Engine Workers
Last updated: 04/20/2026.
verl.workers.engine_workers provides the worker-layer classes that
RayWorkerGroup instantiates for PPO / GRPO / SFT style RL training.
They are engine agnostic – FSDP, FSDP2, Megatron-LM, Automodel,
TorchTitan and VeOmni are all wired in through the same entry points.
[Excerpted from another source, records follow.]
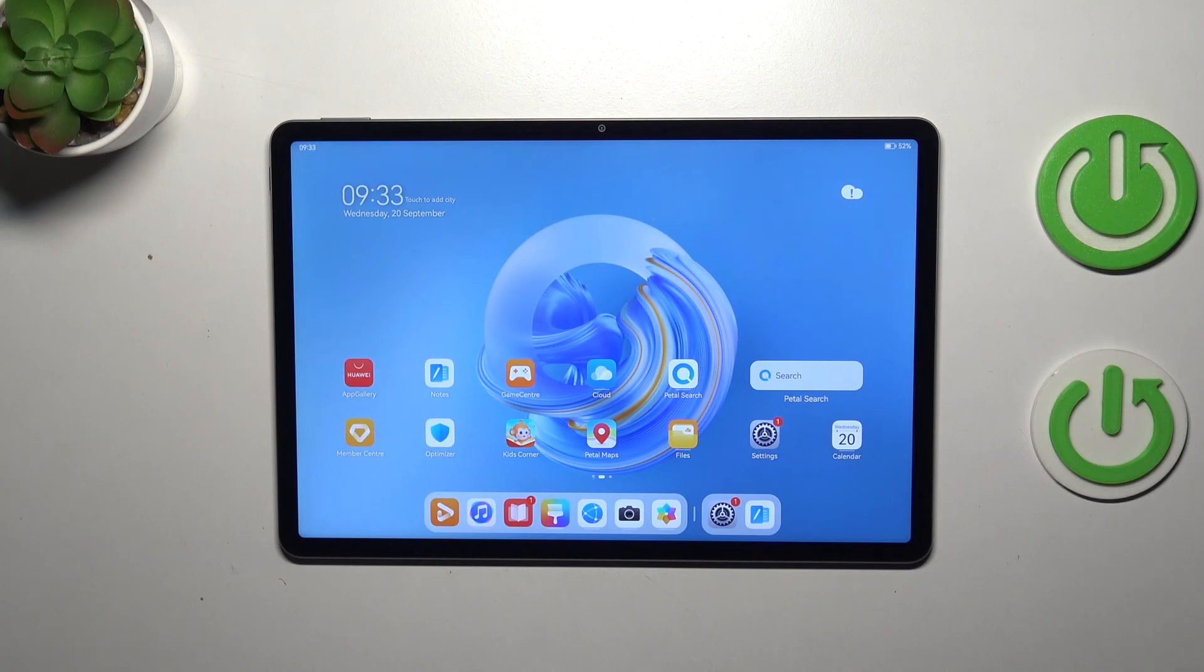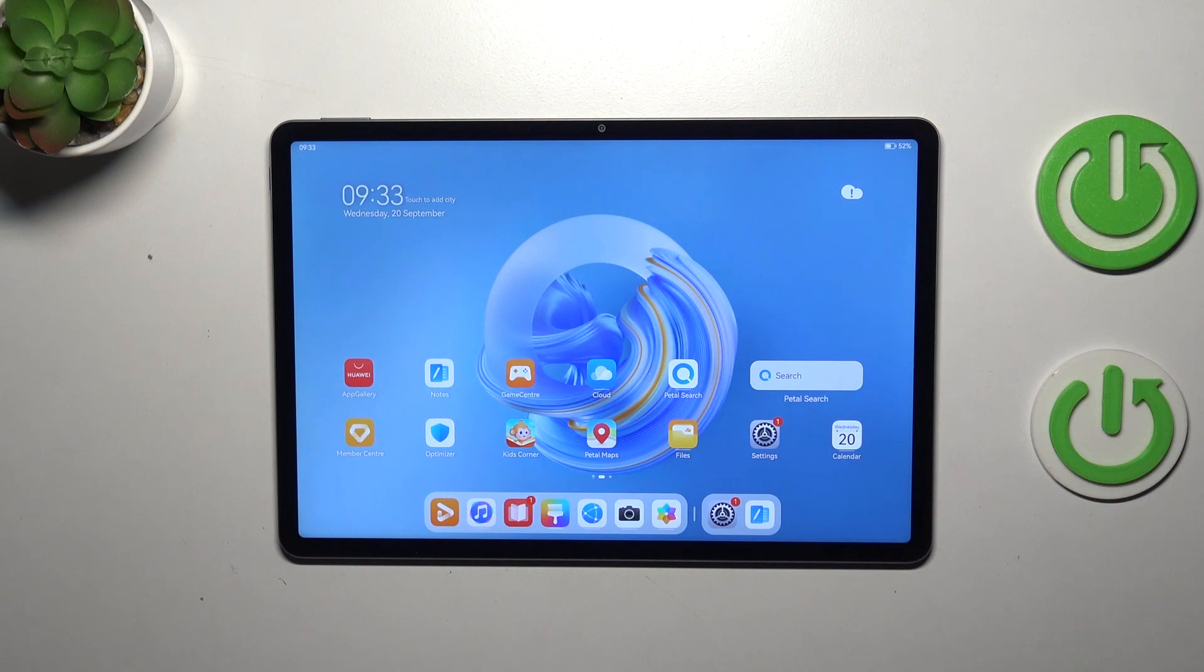Hi everyone, in front of me I've got Huawei MatePad 11.5 and let me share with you how to reset all settings on this device.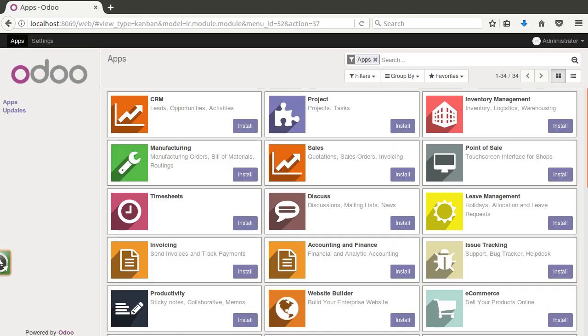Greetings and welcome to another video from odoclass.com. In this video we're going to take a look at a manufacturing operation in which we need to have routing to different work centers based on product variants.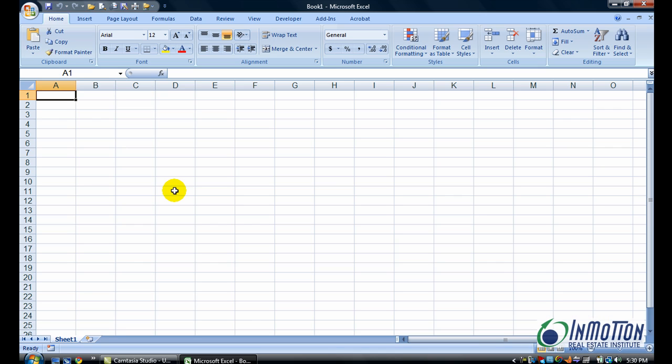I'll have the Arial 12 that I want, there we go, and I only have one sheet, which is what I selected.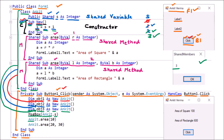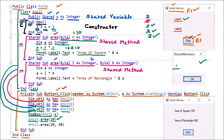Moving to the next line: Ankit.Area(10). Since we are calling with one parameter, the method with one parameter — ByVal r As Integer — is matched. So 10 is given to r. Then Dim a As Integer, and a = r * r, meaning 10 * 10 = 100. Then Form1.Label1.Text is modified to 'Area of Square', concatenated with a. We know 10 * 10 is 100, so 100 is displayed in Label1.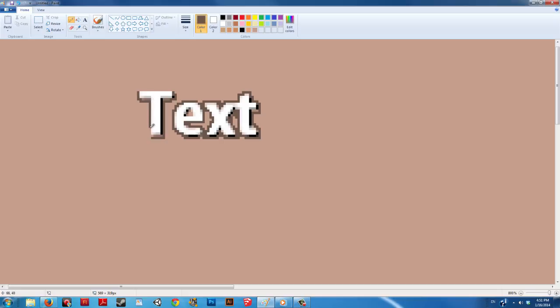I'm Parker Pierce and this is how to give text outlines in Paint. Text outlines can help make your words look a little fancier. They can also pop dark text from dark backgrounds or light text from light backgrounds. I'm going to show you one way to do that in Paint.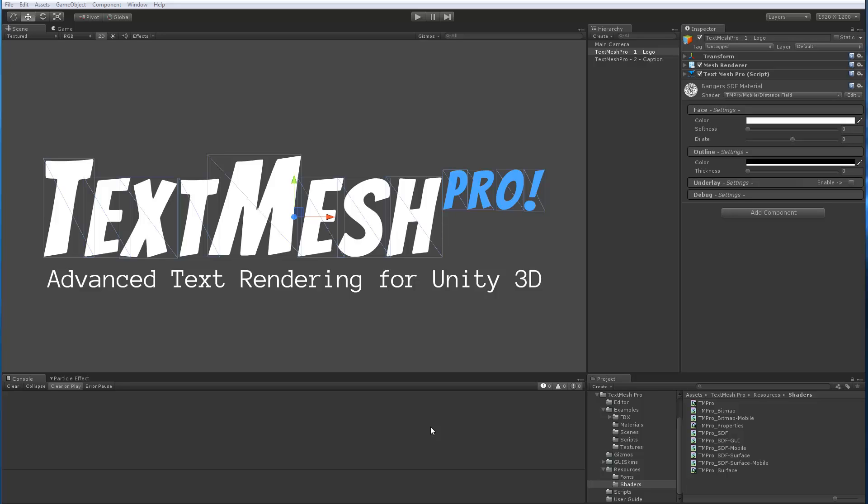Hi again. In this video we're going to take a look at the Sine Distance Field Shader part of TextMeshPro. Now in the last video we looked at the mobile version of the Sine Distance Field Shader. So if you didn't have a chance to look at that one, I urge you to go look at that one first, then take a look at this video.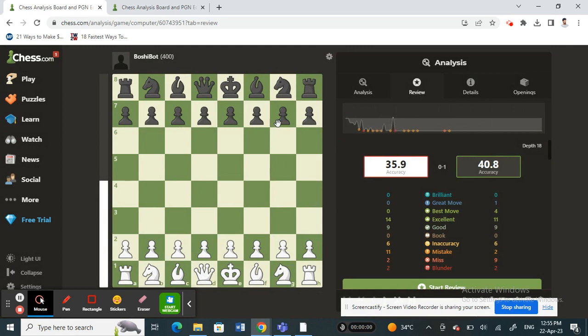That's how you use Stockfish on chess.com for analysis. Hope this video is helpful to you guys — I'll see you in another video, thank you!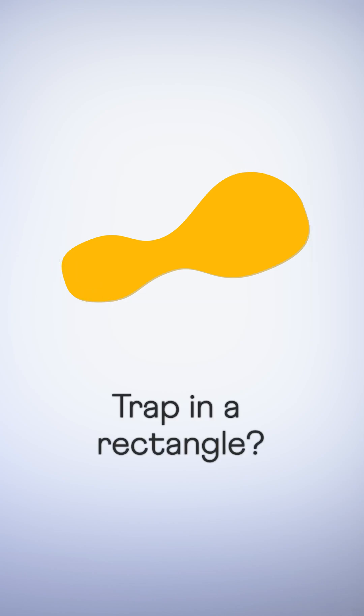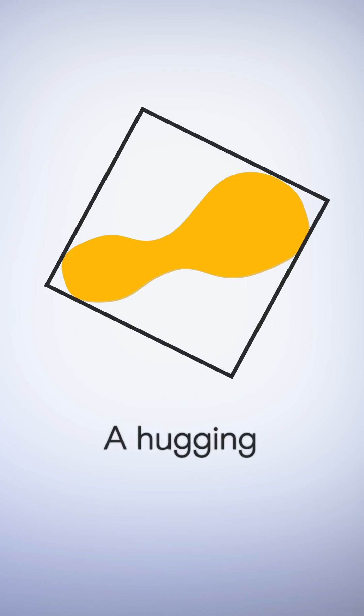But can you trap it inside a square? Yes. There it is. A hugging square touching the shape at all its edges.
The specific backend is selected at runtime from actor.strategy /
critic.strategy and resolved by
verl.workers.engine.EngineRegistry.
For the engine-layer design (how BaseEngine subclasses implement
forward_step, parallelism, checkpointing, weight export, etc.) see
Model Engine.
Class Hierarchy
ActorRolloutRefWorker # hybrid worker, co-locates actor + rollout + optional ref
├── self.actor : TrainingWorker (built if role contains "actor")
├── self.ref : TrainingWorker (built if role contains "ref")
├── self.rollout: BaseRollout (vLLM / SGLang, built if role contains "rollout")
└── self.checkpoint_engine (built if role contains "actor")
TrainingWorker # generic "one engine + optimizer + profiler" worker
└── self.engine : BaseEngine (fsdp / fsdp2 / megatron / automodel / veomni / torchtitan)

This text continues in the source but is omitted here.